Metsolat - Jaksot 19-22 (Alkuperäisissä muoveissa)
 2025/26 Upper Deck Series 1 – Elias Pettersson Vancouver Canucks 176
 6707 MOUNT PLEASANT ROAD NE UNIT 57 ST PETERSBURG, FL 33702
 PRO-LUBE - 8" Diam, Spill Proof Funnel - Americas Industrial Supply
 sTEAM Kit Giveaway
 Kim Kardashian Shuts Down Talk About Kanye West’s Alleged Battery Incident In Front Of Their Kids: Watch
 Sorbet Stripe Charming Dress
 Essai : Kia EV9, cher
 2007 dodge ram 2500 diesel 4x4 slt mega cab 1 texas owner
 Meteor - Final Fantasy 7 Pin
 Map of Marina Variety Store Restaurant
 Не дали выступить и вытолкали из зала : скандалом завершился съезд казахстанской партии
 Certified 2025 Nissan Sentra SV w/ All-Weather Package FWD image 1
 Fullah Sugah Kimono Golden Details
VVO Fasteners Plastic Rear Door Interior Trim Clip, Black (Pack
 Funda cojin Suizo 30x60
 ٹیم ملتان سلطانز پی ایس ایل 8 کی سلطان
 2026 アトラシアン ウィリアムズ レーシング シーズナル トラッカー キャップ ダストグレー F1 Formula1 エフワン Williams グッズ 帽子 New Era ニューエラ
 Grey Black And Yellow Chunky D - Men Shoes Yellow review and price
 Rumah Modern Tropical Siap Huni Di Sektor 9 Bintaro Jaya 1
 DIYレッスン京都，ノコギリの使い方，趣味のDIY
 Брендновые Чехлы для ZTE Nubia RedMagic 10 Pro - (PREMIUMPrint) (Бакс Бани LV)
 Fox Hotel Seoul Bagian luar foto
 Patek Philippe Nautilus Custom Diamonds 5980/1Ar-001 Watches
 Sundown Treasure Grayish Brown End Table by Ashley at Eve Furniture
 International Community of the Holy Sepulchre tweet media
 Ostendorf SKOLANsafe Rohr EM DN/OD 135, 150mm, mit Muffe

What you are asked to do →
Could you give again exactly the lines from the line containing "2026 アトラシアン ウィリアムズ" through the final line of the data above, and no others?

Response →
 2026 アトラシアン ウィリアムズ レーシング シーズナル トラッカー キャップ ダストグレー F1 Formula1 エフワン Williams グッズ 帽子 New Era ニューエラ
 Grey Black And Yellow Chunky D - Men Shoes Yellow review and price
 Rumah Modern Tropical Siap Huni Di Sektor 9 Bintaro Jaya 1
 DIYレッスン京都，ノコギリの使い方，趣味のDIY
 Брендновые Чехлы для ZTE Nubia RedMagic 10 Pro - (PREMIUMPrint) (Бакс Бани LV)
 Fox Hotel Seoul Bagian luar foto
 Patek Philippe Nautilus Custom Diamonds 5980/1Ar-001 Watches
 Sundown Treasure Grayish Brown End Table by Ashley at Eve Furniture
 International Community of the Holy Sepulchre tweet media
 Ostendorf SKOLANsafe Rohr EM DN/OD 135, 150mm, mit Muffe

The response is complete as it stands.